Rápidamente ambos se apartaron. - Así que era cierto lo que decían, no lo quería creer, es que tu no has sufrido por todo lo que me hiciste, hoy me sorprende lo tonto que he llegado a ser. – Kidou sonrió dolido. – Creí que después de un tiempo estaría bien, pero te miro y estoy fuera de mi otra vez, esto es absurdo, me engañaste, tú no eres tal y como yo te pensé.
- Yuuto… no es así.
- Si Kidou, no malinterpretes las cosas.
- Vaya, pues parece que la pasaste muy bien, te divertiste ¿verdad? ¿no es eso lo que querías? Por eso me rechazaste… Yo te amé como a nadie en este mundo.
- Hablen las cosas, yo los dejo. - Tsunami se fue a otro sitio.
- Yo te sigo amando y mucho.
- No lo parece, sabes qué, supongo que tomarnos este tiempo hizo que aclaráramos las cosas, estaré bien, no era secreto de que tú gustabas de Tsunami.
- Pero Yuuto yo aún te amo, pero si eso deseas está bien, será bueno para los dos, supongo… pero si encuentras a alguien yo rezaré para que les vaya bien y su relación dure más que la nuestra.
- Disfruta tu libertad, es lo que querías ¿no es así?
- Si, pero de otra manera.
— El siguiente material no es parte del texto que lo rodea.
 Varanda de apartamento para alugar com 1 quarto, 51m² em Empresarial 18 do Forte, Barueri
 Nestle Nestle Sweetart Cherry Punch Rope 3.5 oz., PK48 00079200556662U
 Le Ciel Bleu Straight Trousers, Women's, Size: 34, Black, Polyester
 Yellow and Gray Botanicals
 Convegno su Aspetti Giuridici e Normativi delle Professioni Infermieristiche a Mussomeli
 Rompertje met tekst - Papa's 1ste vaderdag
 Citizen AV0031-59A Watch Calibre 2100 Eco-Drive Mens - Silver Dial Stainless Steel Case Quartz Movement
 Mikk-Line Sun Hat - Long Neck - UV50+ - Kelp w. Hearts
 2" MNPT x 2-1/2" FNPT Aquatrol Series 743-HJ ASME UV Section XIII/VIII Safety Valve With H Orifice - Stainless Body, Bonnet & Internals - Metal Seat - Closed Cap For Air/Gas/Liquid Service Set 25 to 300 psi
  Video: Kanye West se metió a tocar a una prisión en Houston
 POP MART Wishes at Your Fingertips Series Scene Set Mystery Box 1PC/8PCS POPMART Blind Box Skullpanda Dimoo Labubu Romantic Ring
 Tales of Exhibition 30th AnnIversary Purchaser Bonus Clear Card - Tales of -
Lamento hacer que vinieras hasta acá, me quedaré aquí, espero que el tiempo sane tu corazón.
- Hasta pronto.
Kidou se despidió no quiso mirarla más pues ella notaría sus lágrimas, además Touko lo estaba dejando ir, sería difícil comenzar nuevamente y tratar de conocer a mujeres, ya que a Touko la conocía a la perfección, habían pasado momentos difíciles y otros alegres juntos.
Touko no lloró, tal vez esto era lo que necesitaba, lo amaba, pero ya había dado ese torpe paso en su vida, romperle por un capricho de querer disfrutar antes de atarse con alguien. Tsunami llegó y puso una mano en el hombro de ella.
- ¿Estás bien?
Ella apoyó su mano sobre la de él. – No, no lo estoy, pero espero estar bien, pero me preocupa él ¿Qué tal si intenta quitarse la vida? No lo conoces… sería capaz.
- Esperemos que no.
Kidou estaba destrozado nuevamente, sus últimas esperanzas se esfumaron, en el ferry unas horas más tarde solo pensó. - Mujeres en este mundo hay, pero ninguna como ella, con ese carácter único, hermosa, con talento para el futbol, enérgica, amable, dulce. Solo el tiempo dirá si hice lo correcto.
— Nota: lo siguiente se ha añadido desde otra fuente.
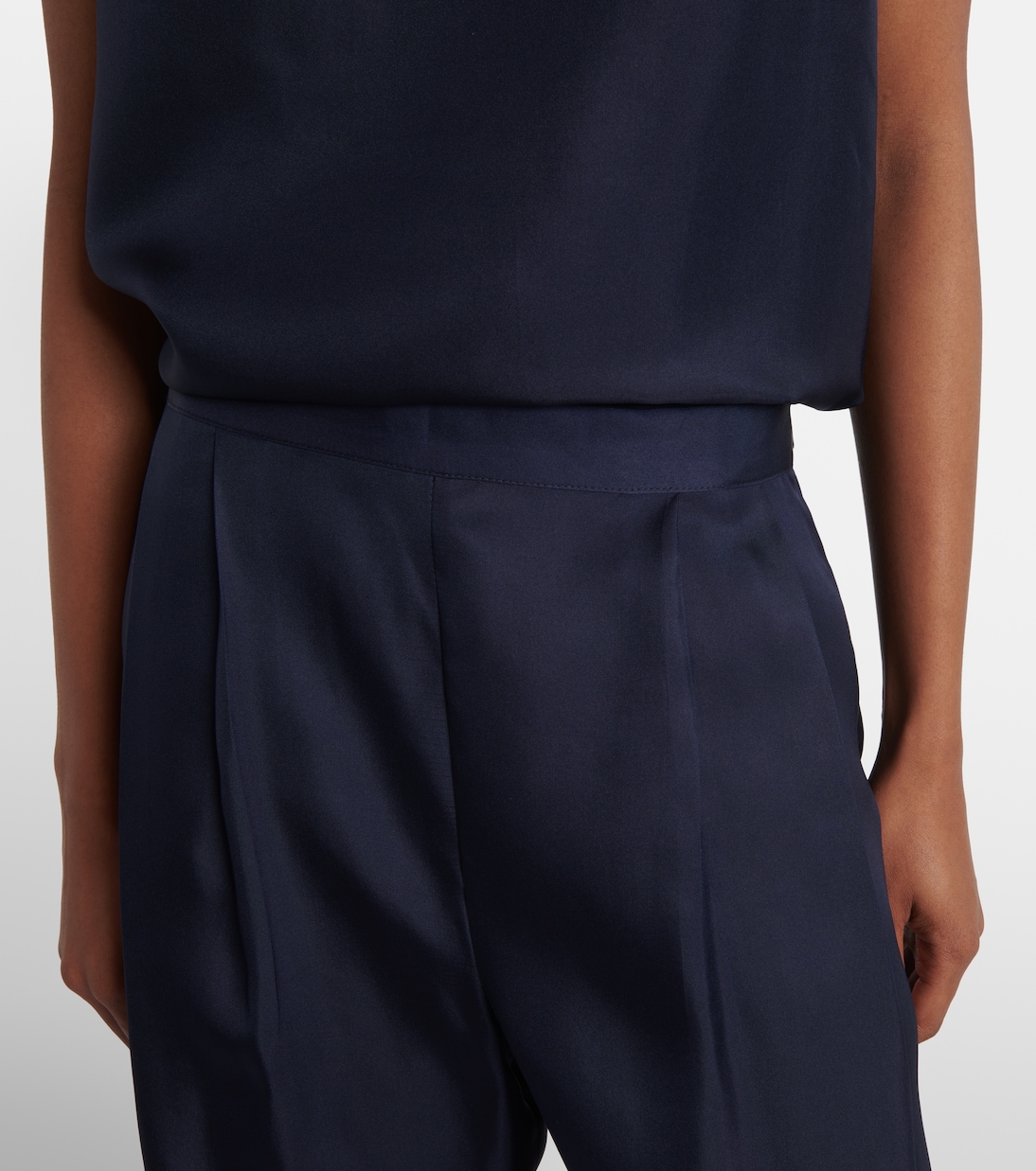 Pantalon ample Isola en soie | Asceno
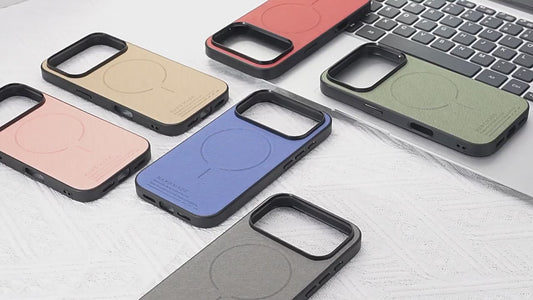 Apple Iphone series Pure Color Cloth Pattern Magnetic Air All-Inclusive Protective Case (Exclusive)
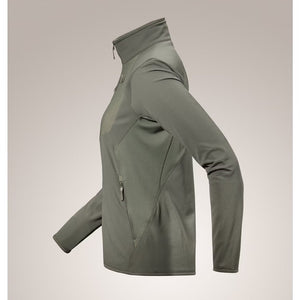 Side view of women's Arc'teryx Delta Jacket in Forage (green) colour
Touko había tomado las rosas, estaban casi intactas, quería estar a solas así que caminó hasta llegar a un acantilado y tomó asiento en el borde, Tsunami venía con regularidad a ese sitio a pensar y era perfecto para encontrar la paz, dejó escapar lágrimas que volaban con el viento y brillaban como pequeños diamantes por la luz del sol.
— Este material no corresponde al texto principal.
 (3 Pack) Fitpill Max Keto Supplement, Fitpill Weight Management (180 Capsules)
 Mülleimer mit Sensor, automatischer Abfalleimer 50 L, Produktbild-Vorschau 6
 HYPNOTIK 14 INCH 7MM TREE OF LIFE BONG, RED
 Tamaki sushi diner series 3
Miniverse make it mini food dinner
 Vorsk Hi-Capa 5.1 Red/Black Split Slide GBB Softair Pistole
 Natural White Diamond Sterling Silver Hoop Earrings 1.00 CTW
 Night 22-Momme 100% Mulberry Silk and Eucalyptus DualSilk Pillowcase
Abrazó aquellas rosas y desató aquel moño de color rojo que las mantenía unidas, una a una dejó caer, con eso esperaba que la tranquilidad llegara, lo extrañaría demasiado. Y esperaba que encontrara a otra que por lo menos lo llegara a amar como ella lo hizo todos estos años.
Con el pasar de los días, por lo menos se mantenía distraída mientras sucedían las remodelaciones ya que ella se había dado con la labor de conseguir los muebles de la línea sirenas y la construcción de nuevas habitaciones de lujo para el lugar, para pasar el tiempo ella y Tsunami iban a cierta hora a surfear las grandes olas, había aprendido a dominarlas.
Ambos descansaban en la arena con las toallas tendidas. – Vaya, has aprendido muy rápido.
- No te niego que al principio iba a darme por vencida, pero pronto descubrí que era fantástico esa sensación, estar parada sobre la tabla y deslizarme de esa forma sobre el agua.
- Además luces muy bien en bañador. - eso lo dijo sin pensar y fue algo incómodo para él, tomó su bebida para tratar de cambiar de tema de algún modo.
- Pues gracias, me sienta muy bien este ambiente, he disfrutado mucho este tiempo estando acá.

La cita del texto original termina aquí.